Wednesday, December 25, 2019

Christmas Day


December 25, 2019

 + I’m a church geek.

You know how you know I’m a church geek?

Because one of my greatest pleasures in life is doing the Christmas morning Mass.

Yes, I know.

Christmas Eve is beautiful.

Really beautiful.

But Christmas morning.

I don’t know.

It’s just just…something special.

I think that is what Christmas Day is all about.

This sense of it all being just…a bit more holy and complete.

It’s become kind of a Christmas Day tradition for me to share this poems from the great Trappist monk and poet, Thomas Merton. I love it:

Make ready
for the Christ
whose smile,
like lightning
sets free
the Song
of everlasting
glory
that now sleeps
in your paper
flesh like
Dynamite.
Make ready
for the Christ
whose smile,
like lightning
sets free
the Song
of everlasting
glory…

For me, that captures perfectly this strange feeling I have experiencing this morning how I LOVE a Christmas Day mass

And now—this morning— Christmas is here.

This morning, we celebrate the Light.

And we celebrate the Word.

We celebrate the Light that has come to us in our collective and personal darkness.

We celebrate the Light that has come to us in our despair and our fear, in our sadness and in our frustration.

And we celebrate this Word that has been spoken to us—this Word of hope.

This Word that God is among us.

We celebrate this “Christ
whose smile,
like lightning
sets free
the Song
of everlasting
glory

When we think long and hard about this day, when we ponder it and let it take hold in our lives, what we realized happened on that day when Jesus was born was not just some mythical story.  

It was not just the birth of a child under dire circumstances, in some distant, exotic land.  

What happened on that day was a joining together—a joining of us and God.

God met us half-way.

God came to us in our darkness, in our blindness, in our fear—and cast a light that destroyed that darkness, that blindness, that fear.

 God didn’t have to do what God did.  

God didn’t have to descend among us and be one of us.

But by doing so, God showed us a remarkable intimacy.

Another quote I share around Christmas on a regular basis is this one from the great Dominican theologian, Meister Ekhart:

“What good is it  if Mary gave birth to the Son of God [two thousand years ago]? I too must give birth to the Son of God in my time, here and now. We are all meant to be the mothers of God.

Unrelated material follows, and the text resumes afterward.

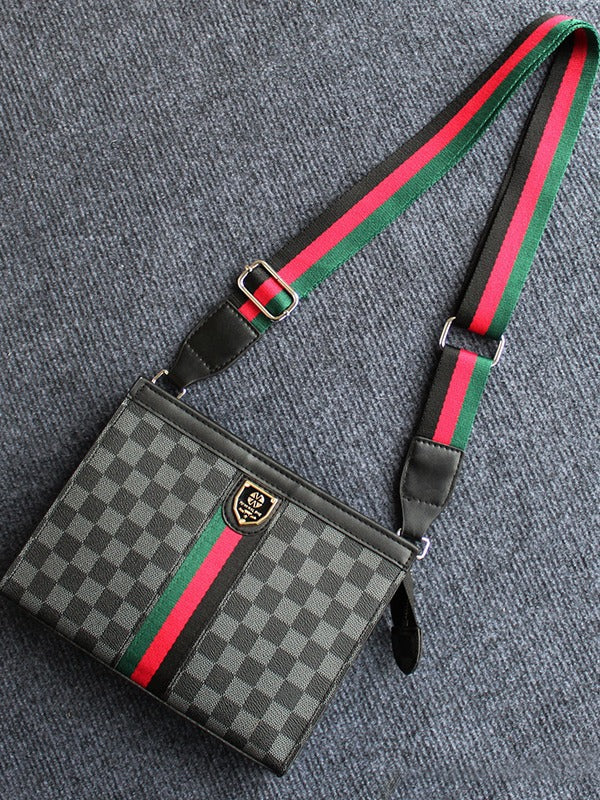 2024 New Crossbody Bag Men's Business Hard Shoulder Bag Large Capacity Plaid Tide Bag Multifunctional Men's Bag Handbag Women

God is always needing to be born.”

I love that quote and I think it’s very true.

That is what we too need to do in our lives.

We too need to give birth to Christ in our own time, here and now, in our own ways.

We need to bring this forgiving, loving, accepting, inclusive Christ to the world in which we live.

We need to be bearers of the Christ, just as Mary was, to those around us.

Right here.

Right now.

We need to be the people through whom God is born again and again in this world.

We need to bring God into reality in this world again and again.

Why?

Because God is a God of love.

Because we are loved by God.

Because we are accepted by God.

Because we are—each of us—important to God.

We are, each of us, very important to God.

Each of us.

And because we are, we must love others.

We must give birth to our God so others can know this amazing love as well.

Knowing this amazing love of God changes everything.

When we realize that God knows us as individuals.

That God loves us and accepts each of us for who we are, we are joyful.

We are hopeful of our future with that God.

And we want to share this love and this God with others.

That is what we are celebrating this morning.

Our hope and joy is in a God who comes and accepts us and loves us for who we are and what we are—a God who understands what it means to live this sometimes frightening uncertain life we live.

This is the real reason why we are joyful and hopeful on this beautiful morning.

This is why we are feeling within us a strange sense of longing.

This is why we are rushing toward our Savior who has come to visit us in what we once thought was our barrenness.

Let the hope we feel today as God our Savior, who comes to us in this Child,  draws close to us stay with us now and always.

Let the joy we feel tonight as God our Friend comes to us in love be the motivating force in how we live our lives throughout this coming year.

God is here.

God is in our midst today.

God is so near, our very bodies and souls are rejoicing.

And God loves us.

My mother’s favorite poet was the great Anglican poet Christina Rosetti.

We, in the Anglican tradition, get to hear from Rosetti quite often in this Christmas season.

She was able to sum up this whole season so perfectly and eloquently:

 Love came down at Christmas,
love, all lovely, love divine;
love was born at Christmas:
star and angels gave the sign.

That is what we are experiencing this day.

Love came down.

Love became flesh and blood.

Love became human.

And in the face of that realization, we are rejoicing today.

We are rejoicing in that love personified.

We are rejoicing in each other.  

We are rejoicing in the glorious beauty of this one holy moment in time.